Should Product care about the quality of your code?

Nir Radian
Sep 6, 2018 · 4 min read

It is a known story. Product want you to push your feature when it is ready. Its ready when they think its ready. They reviewed it, and decided that the button looks like the mock up and clicking it does what they told you it should do.

“When do you expect it to be in production?” They ask. “Two days, I haven’t finished cleaning up the code, I’m not satisfied with all the tests and I need to document it.”, you replay.

“But the deadline is tomorrow, and it looks ready. Push it.”

What now? The Product team has a point. There’s a deadline, and it looks ready. Why should they care if you are [doing something that Martin Fowler will frown upon] but is completely functional?

“Fine, but I need two days next sprint to finish this up” , you say.

“Sure, no problem”.

Next Sprint starts, this is prioritized as “nice to have”, there is a critical bug discovered by the highest paying customer and the code is left as it is.

Eternal Suffering in Hell ensues.


Does this sound familiar? Maybe you’ve also tried:

  • Explaining the risk associated with not going back and improving the code to your Product team in hopes that this is prioritized more effectively
  • Putting aside story points in the future for technical debt
  • Skunkworking at night to cleanup the code because you are just that type of committed individual that cannot live with existence of poorly written code. (Where can I get in touch with you for a position at our company?)

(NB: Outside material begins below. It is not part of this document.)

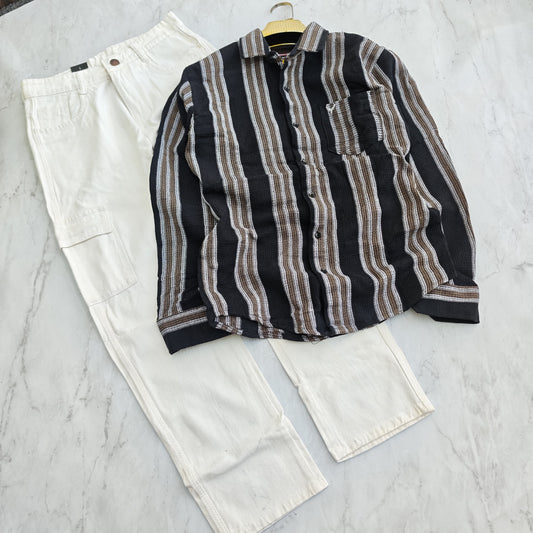 2 in 1 combo MFW waffle jute shirts + 6 mom fit jeans combo buy@550 rs only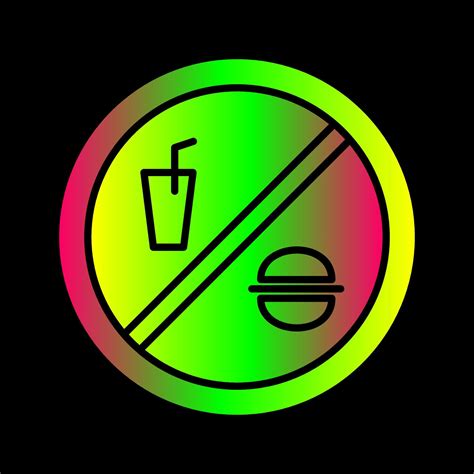 No Food Or Drinks Vector Icon 21439916 Vector Art At Vecteezy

Only the last option is somehow even relevant. If you believe that the first two are actual options, then we don’t agree on a key issue:

Only Developers can decide when something is ready.

Product can help with refining requirements, they can help with validating ideas about the end users, they can also decide what the deadline is, whether to go forward or scrap the whole project, but they do not decide when something is ready.

Product doesn’t care about the quality of your code as much as you do, and they never will.

So truly, its a conflict with ourselves. On the one hand, we want our code to be clean. On the other, we do like delivering on time. Sometimes its hard for us to come to terms that we simply did not meet the deadline.

I’ve followed with some tips that can help in general when you need to meet a coding standard and also have tight deadlines, but in the end — we need to be honest with ourselves and tell Management/Product that:

“No, its not ready. We need to move the deadline, relax some of the requirements, or pull a resource from another project.”

Saying this comes with a heavy price, but lessons should be learned and at least we’re not lying to ourselves about our development capacity (which is probably much slower then we think it is).

The question remains — how to create an environment where you can admit to not being ready for the sake of maintaining your coding standards. My best response to this is — practice. See what the repercussions are. A place where developers are berated for not meeting deadlines because they haven’t finished writing proper tests or cleaning up or documenting properly — that’s the place where the code is rotting and continuously needs fixing and patching and refactoring.


With all that said, here are a few tips that may help with ensuring that only code that is up-to-par with your standards is pushed.

  • Don’t push half written code. There should be a branch where everyone agrees is only updated with code that is “gold”. You can have any number of feature branches you like, but a reviewer should accept only “gold” code into your master branch. No stubs or placeholders, no todos, no “missing tests”. Deployed branches should fork from this branch and not any other.
  • Compartmentalize. Focus on the visual element to begin with. Eliminate risk by reviewing with the Product Team. Finish cleaning up that branch, close it and forget about it. Then focus on the action, API, or whatever. Don’t use the visual element that you worked hard on, it doesn’t exist. Use a debug view, use tools, use a mock. Finally, integrate. If things don’t work off the bat, go back to step 1, you must have had a wrong assumption somewhere.
  • Shift Left. “Write a little test, add a little code, get down tonight.” Don’t leave tests till the end, don’t start with all the tests. Same for cleaning up and documentation.
  • Let Go of the Future. Some code will live for ages and become part of your legacy, some will be changed next week. You can’t make everything future proof. You should know when to put a stop to over engineering. Solve the problem at hand and no more.

These are all hard things to do, undoubtedly. This can’t be done with a lot of flexibility when necessary but the guidelines make sense and should be valuable even when not applied strictly.